Your instructions | Produce an exact copy of all the data below, dropping every image.

Entries provided |

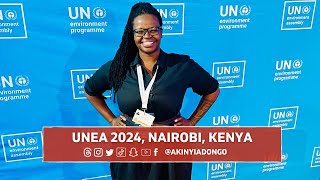 2024 UNEA In Nairobi, Kenya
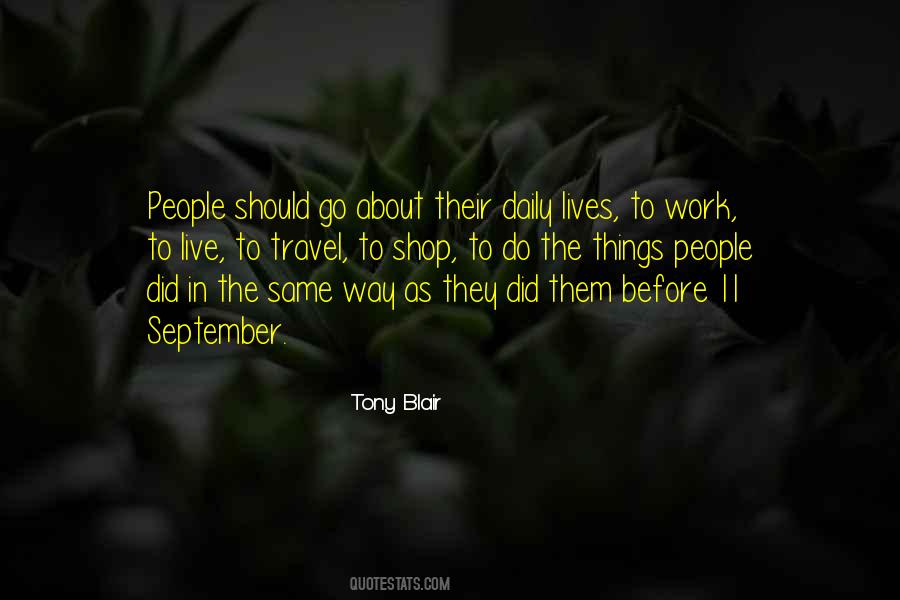 Tony Blair Quotes #195683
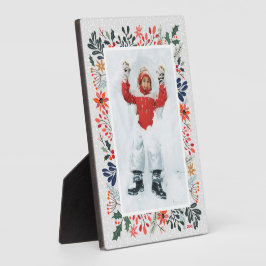 WinterFoto Fotoplatte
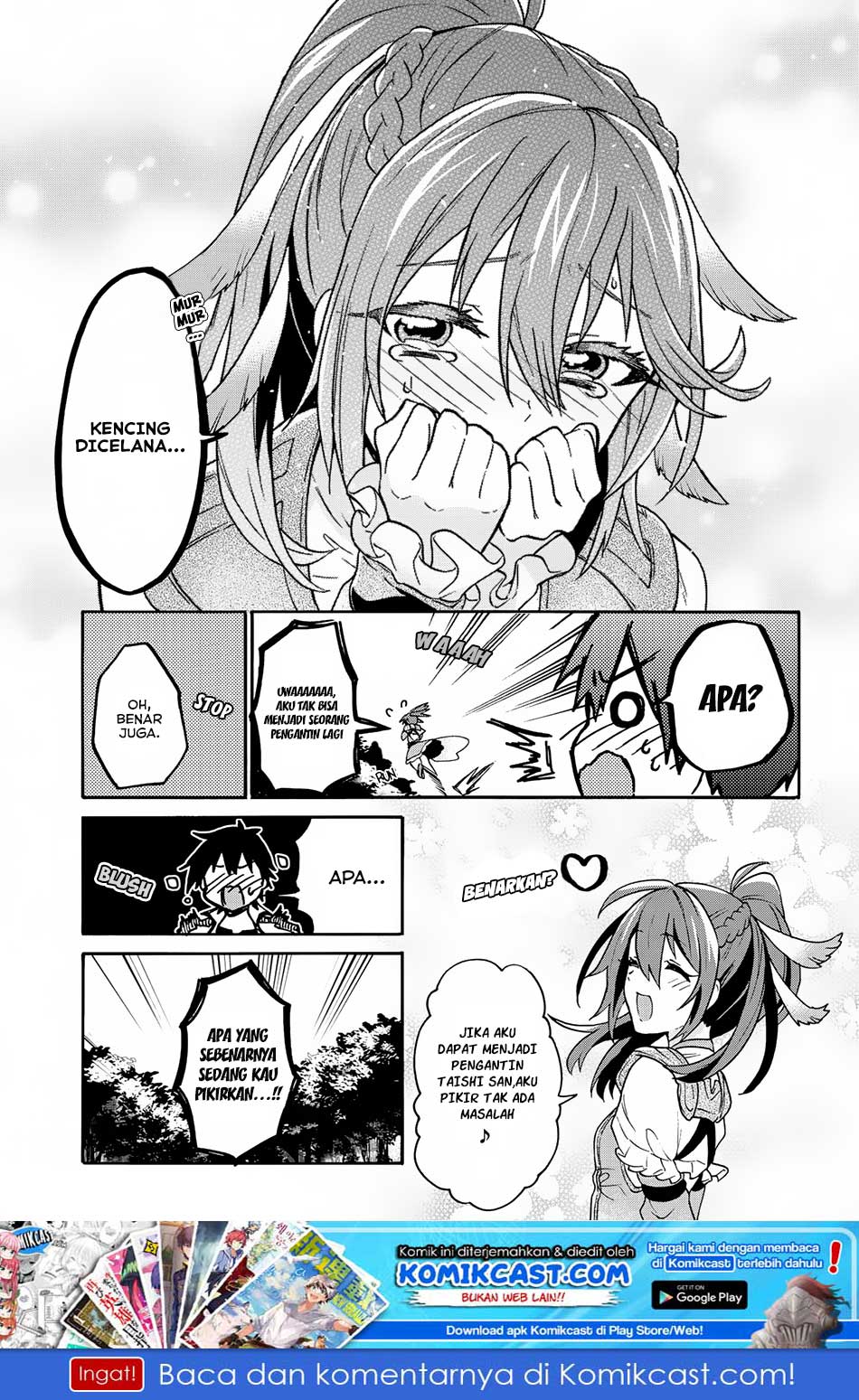 29-sai Dokushin wa Isekai de Jiyuu ni Ikita......katta. Chapter 3.2 - halaman 11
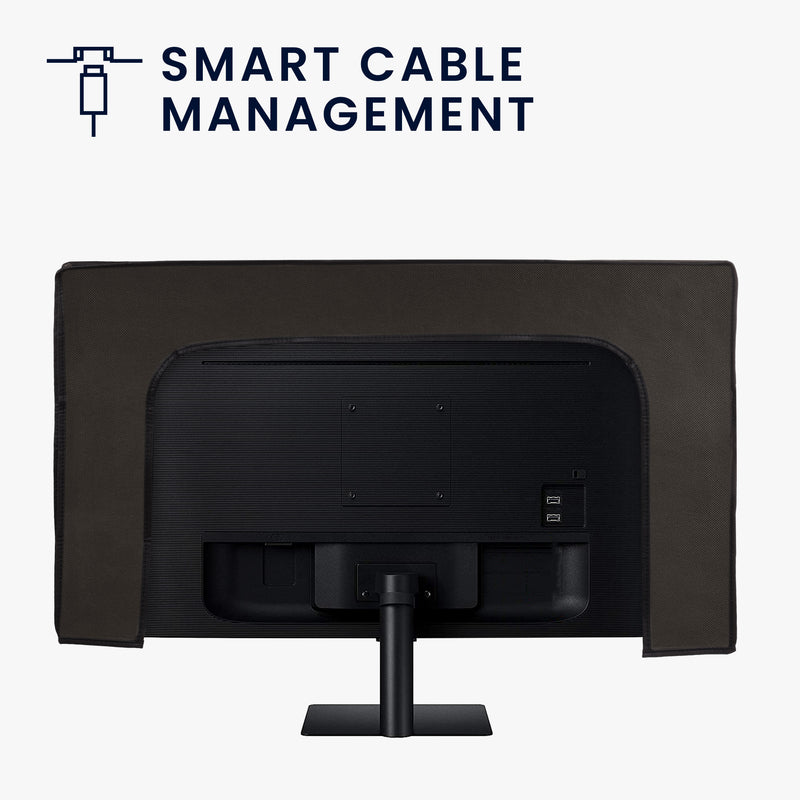 kwmobile Protective Cover compatible with Samsung Smart Monitor 32" (M8 / M7 / M5) - PC Monitor Cover - Computer Cover Case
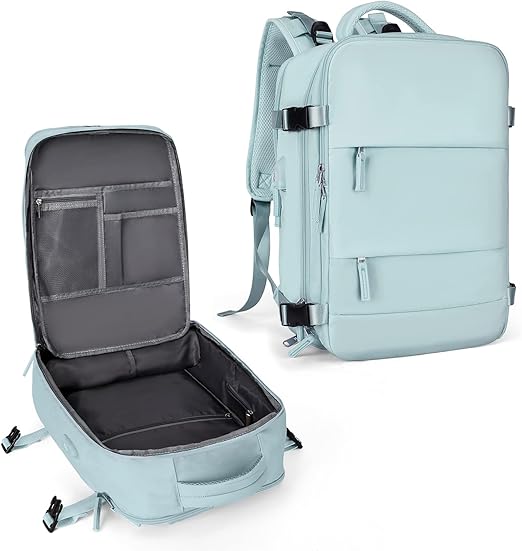 coowoz Large Travel Backpack Women, Carry On Backpack,Hiking Backpack Waterproof Outdoor Sports Rucksack Casual Daypack School Bag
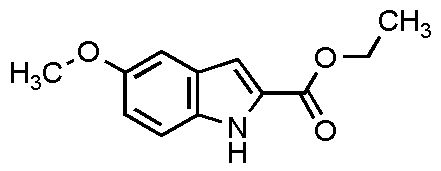 Ethyl 5-methoxyindole-2-carboxylate, 98% (Custom work)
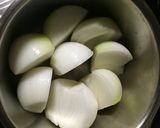 たっぷり玉ねぎの参鶏湯風なチキンスープ作り方4写真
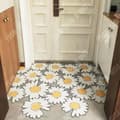 Miniatyrbild 2 av 4: TD® Daisy ji Silk Speaker Mat kan skäras in i dörren för en halkfri PVC-matta som är lätt att rengöra.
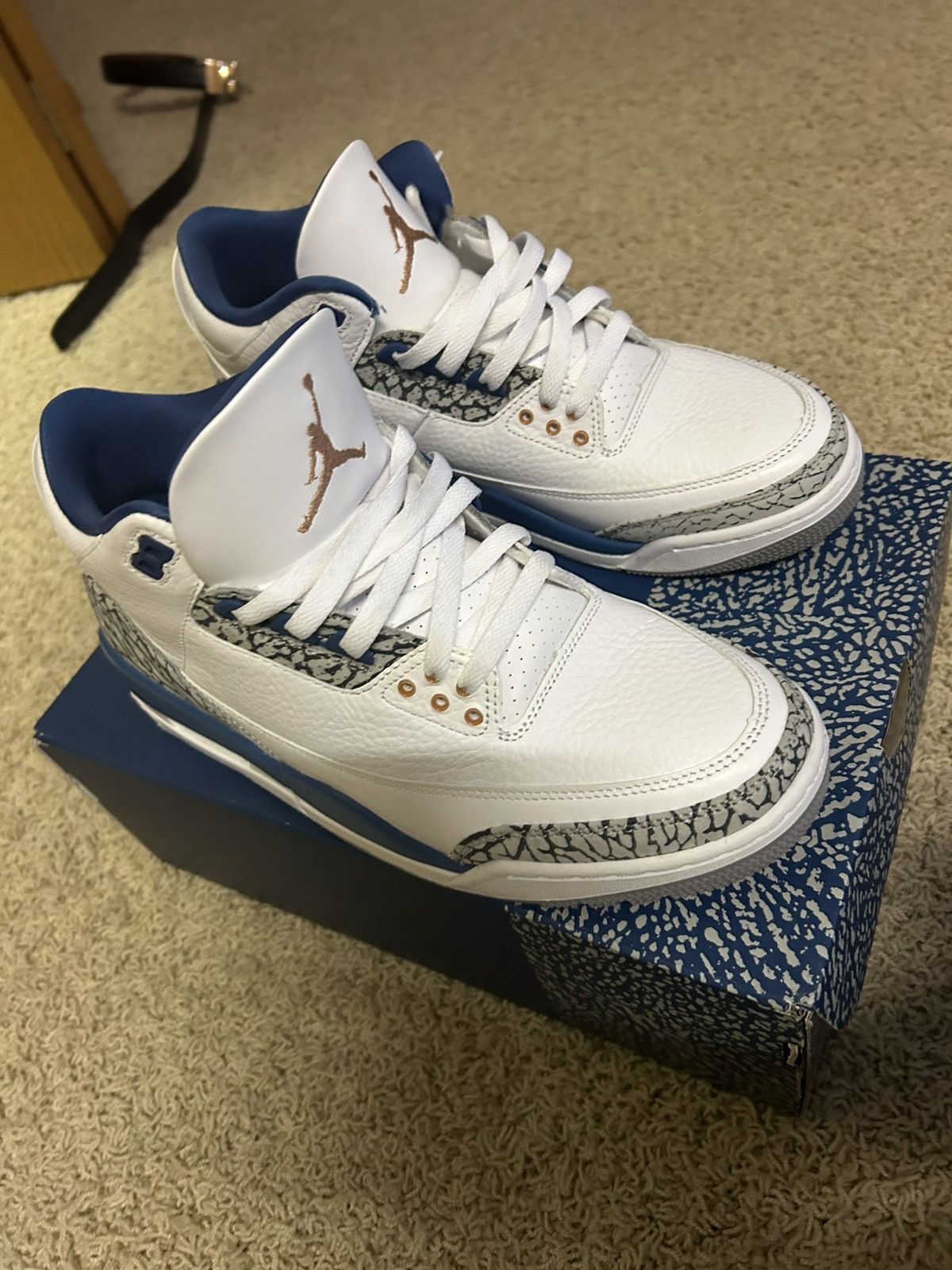 Jordan Brand Jordan 3 wizard Size US 10 / EU 43 - 3 Thumbnail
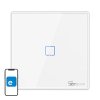 Inteligentný bezdrôtový nástenný spínač Sonoff T2EU1C-RF 433 MHz (1-kanálový)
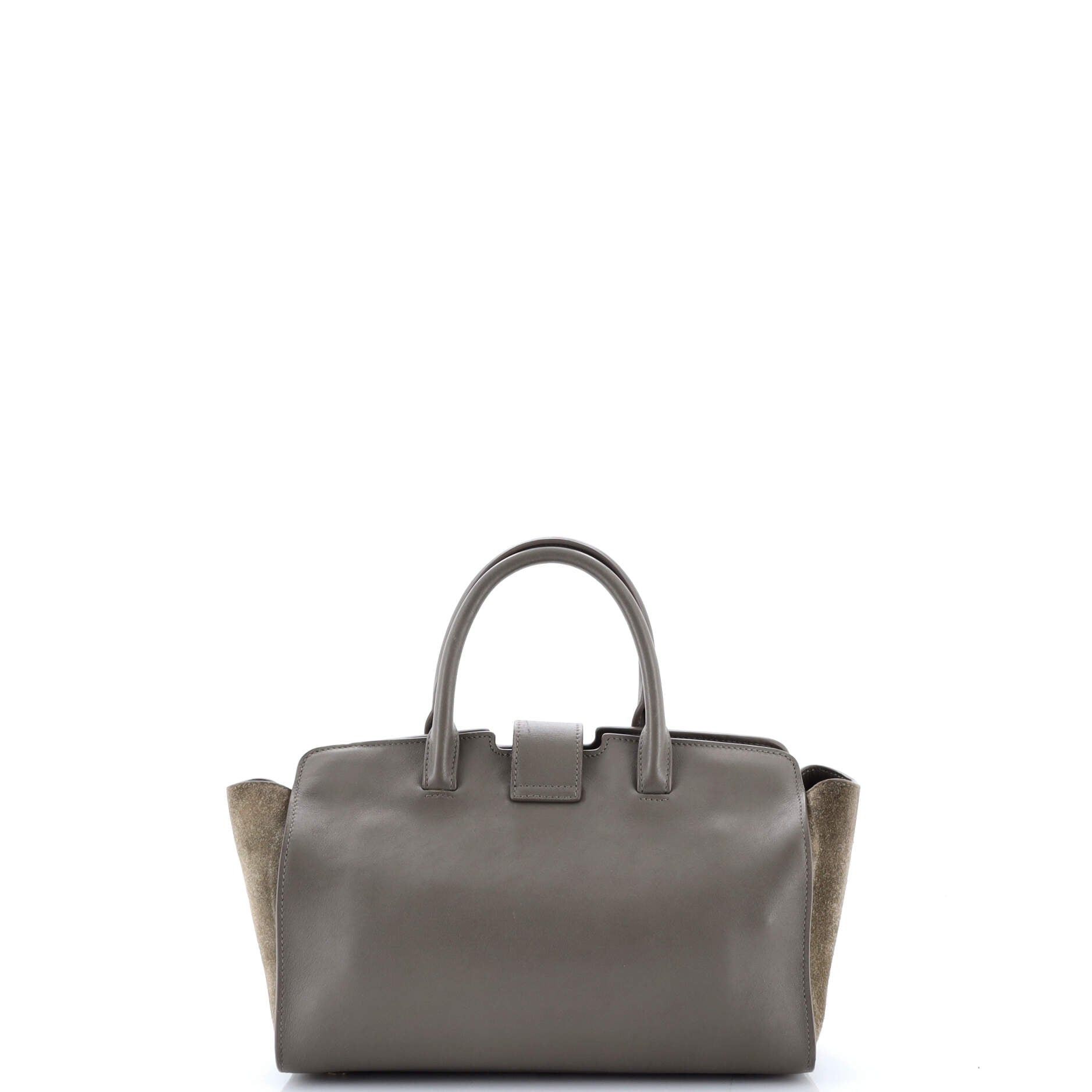 Saint Laurent Paris Monogram Cabas Downtown Size ONE SIZE - 3 Thumbnail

Task solution |
 2024 UNEA In Nairobi, Kenya
 Tony Blair Quotes #195683
 WinterFoto Fotoplatte
 29-sai Dokushin wa Isekai de Jiyuu ni Ikita......katta. Chapter 3.2 - halaman 11
 kwmobile Protective Cover compatible with Samsung Smart Monitor 32" (M8 / M7 / M5) - PC Monitor Cover - Computer Cover Case
 coowoz Large Travel Backpack Women, Carry On Backpack,Hiking Backpack Waterproof Outdoor Sports Rucksack Casual Daypack School Bag
 Ethyl 5-methoxyindole-2-carboxylate, 98% (Custom work)
 たっぷり玉ねぎの参鶏湯風なチキンスープ作り方4写真
 Miniatyrbild 2 av 4: TD® Daisy ji Silk Speaker Mat kan skäras in i dörren för en halkfri PVC-matta som är lätt att rengöra.
 Jordan Brand Jordan 3 wizard Size US 10 / EU 43 - 3 Thumbnail
 Inteligentný bezdrôtový nástenný spínač Sonoff T2EU1C-RF 433 MHz (1-kanálový)
 Saint Laurent Paris Monogram Cabas Downtown Size ONE SIZE - 3 Thumbnail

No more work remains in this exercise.